## About this task
Your output is to hold only the lines from the one showing "cforce便携显示屏011x,cforce便携屏幕评测" through the end of the listing, exactly, with every picture excluded.

## Materials provided
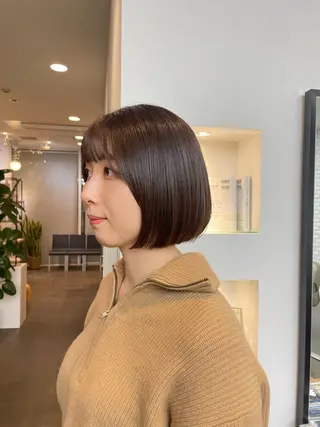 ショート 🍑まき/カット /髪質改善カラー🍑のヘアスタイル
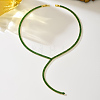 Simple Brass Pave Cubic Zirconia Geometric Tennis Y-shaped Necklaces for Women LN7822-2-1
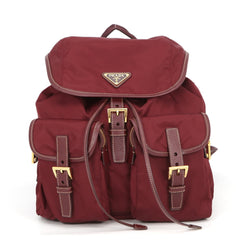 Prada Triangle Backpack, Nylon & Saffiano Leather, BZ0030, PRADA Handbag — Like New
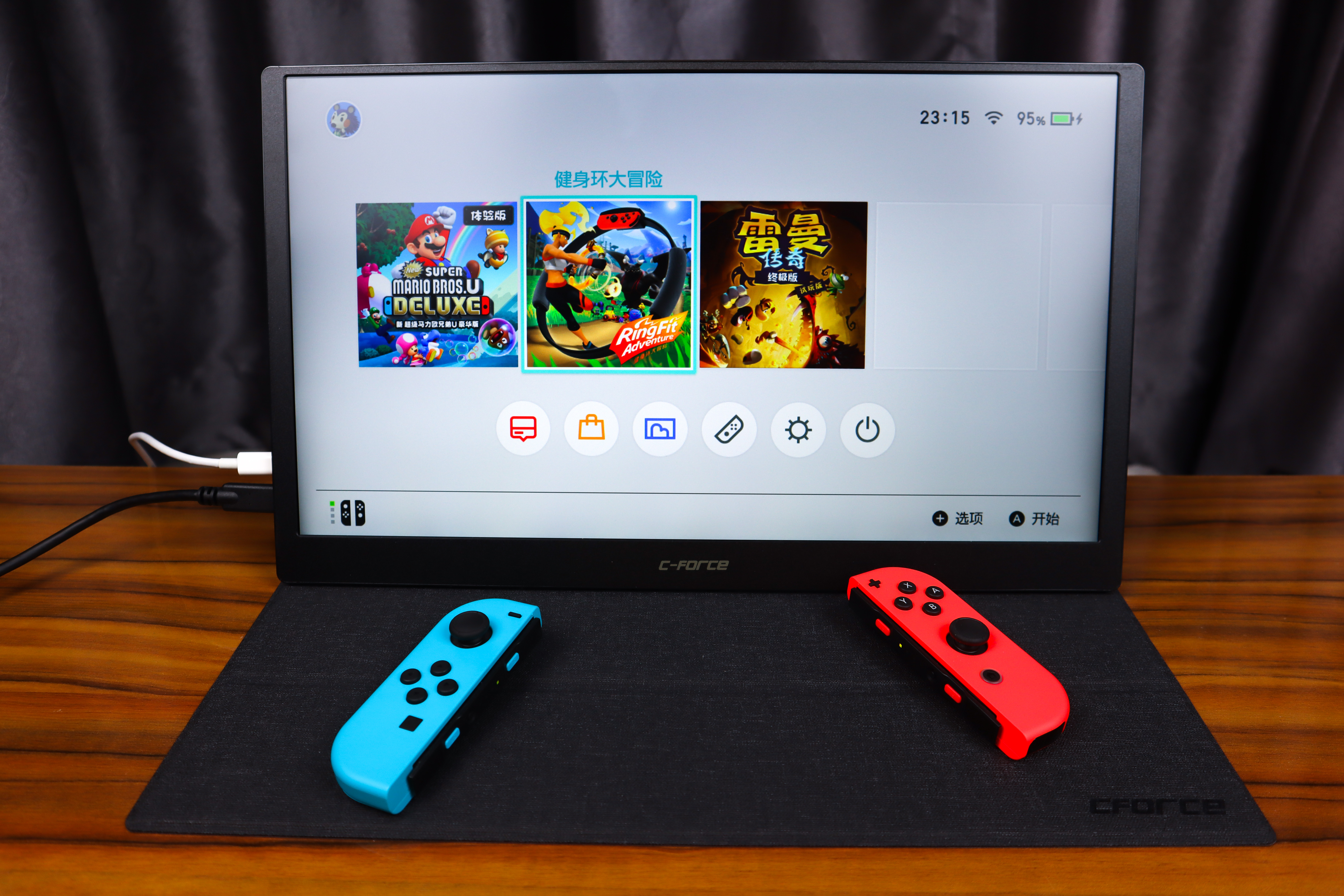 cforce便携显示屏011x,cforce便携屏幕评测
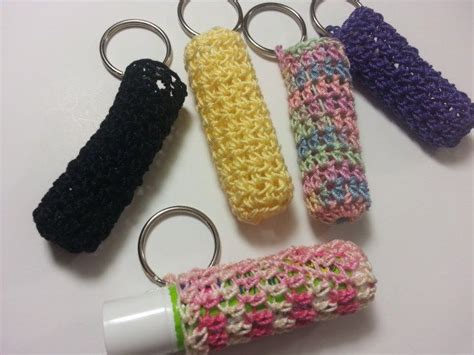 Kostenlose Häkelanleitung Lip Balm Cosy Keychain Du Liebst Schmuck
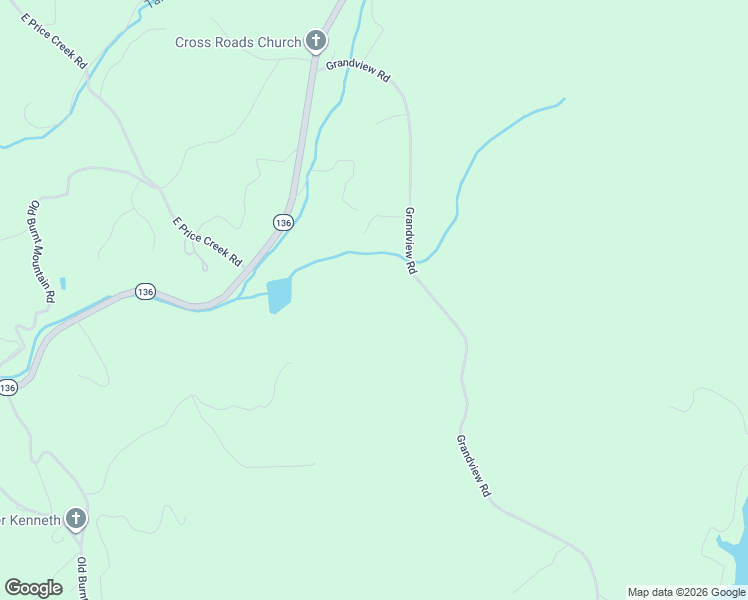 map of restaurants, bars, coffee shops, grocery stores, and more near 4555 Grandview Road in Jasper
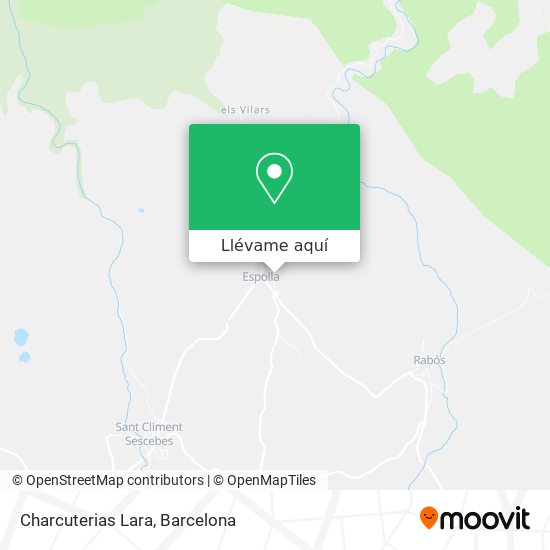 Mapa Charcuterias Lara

## Your solution
 cforce便携显示屏011x,cforce便携屏幕评测
 Kostenlose Häkelanleitung Lip Balm Cosy Keychain Du Liebst Schmuck
 map of restaurants, bars, coffee shops, grocery stores, and more near 4555 Grandview Road in Jasper
 Mapa Charcuterias Lara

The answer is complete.